● DATA RECORDS
········

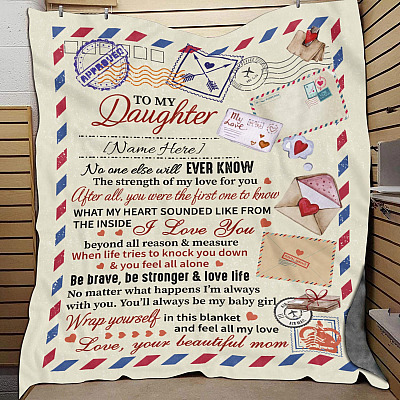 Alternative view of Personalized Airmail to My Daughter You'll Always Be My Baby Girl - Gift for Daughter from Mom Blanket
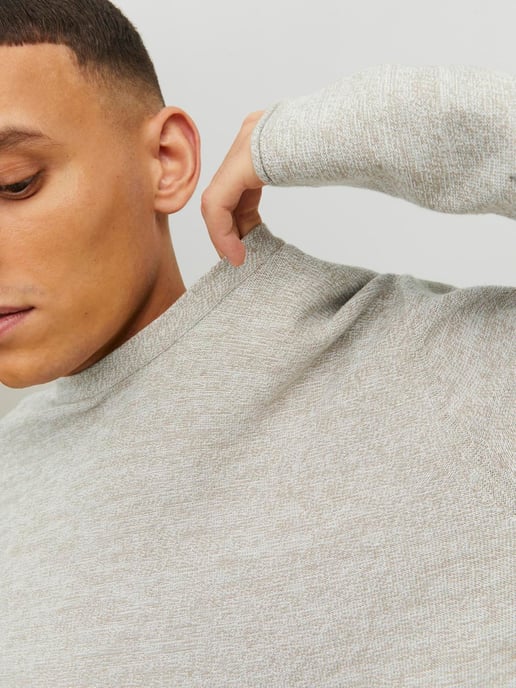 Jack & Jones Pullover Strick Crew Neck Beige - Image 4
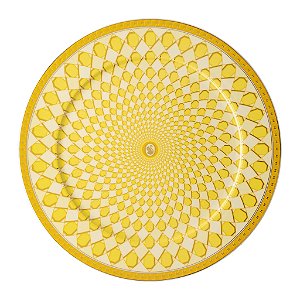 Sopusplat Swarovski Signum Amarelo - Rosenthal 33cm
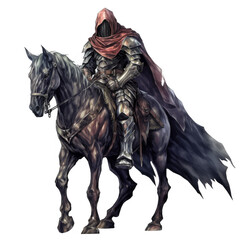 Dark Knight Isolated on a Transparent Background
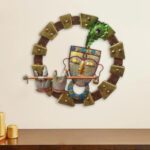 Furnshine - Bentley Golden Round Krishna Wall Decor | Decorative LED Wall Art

········

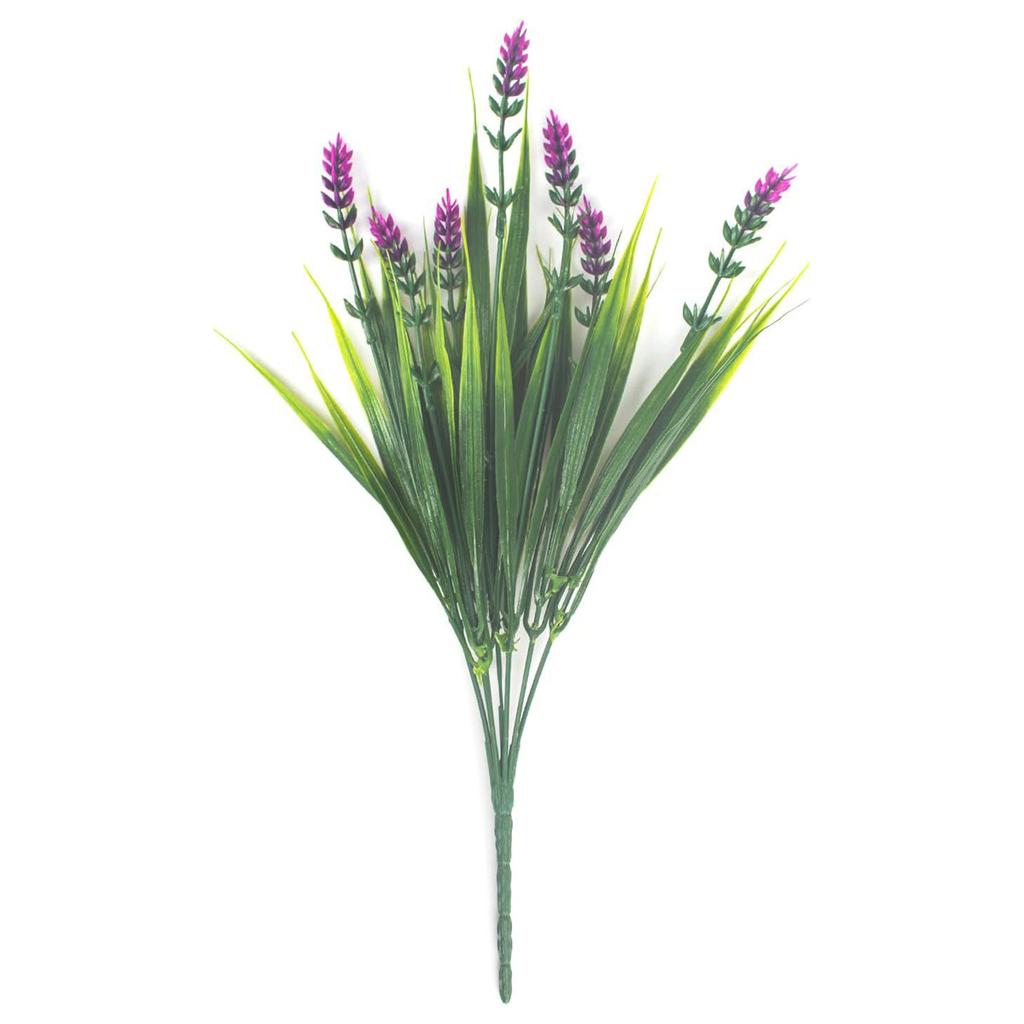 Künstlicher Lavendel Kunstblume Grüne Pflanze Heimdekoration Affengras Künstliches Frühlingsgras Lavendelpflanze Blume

········

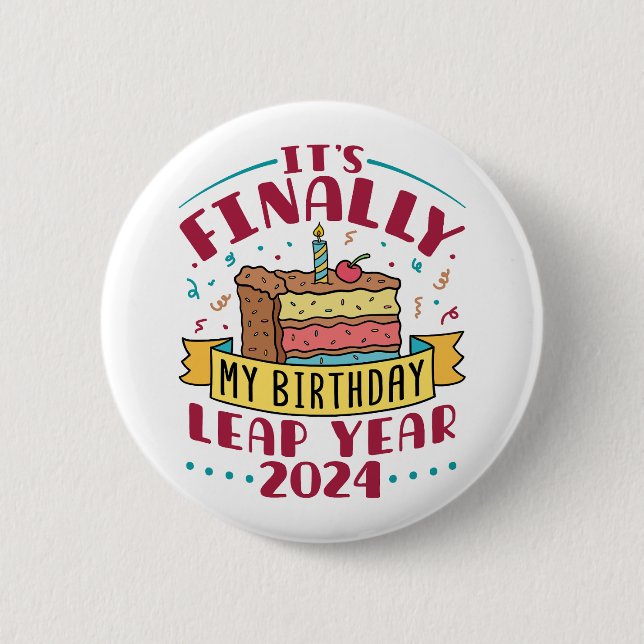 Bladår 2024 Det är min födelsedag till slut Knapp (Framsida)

········

● WHAT IS REQUIRED
Exactly the lines starting at the one above with "Sopusplat Swarovski Signum" and ending at the one with "Furnshine - Bentley" should be printed, and nothing else. Omit the pictures.

● SOLUTION TO THIS TASK
 Sopusplat Swarovski Signum Amarelo - Rosenthal 33cm
 Dark Knight Isolated on a Transparent Background
 Furnshine - Bentley Golden Round Krishna Wall Decor | Decorative LED Wall Art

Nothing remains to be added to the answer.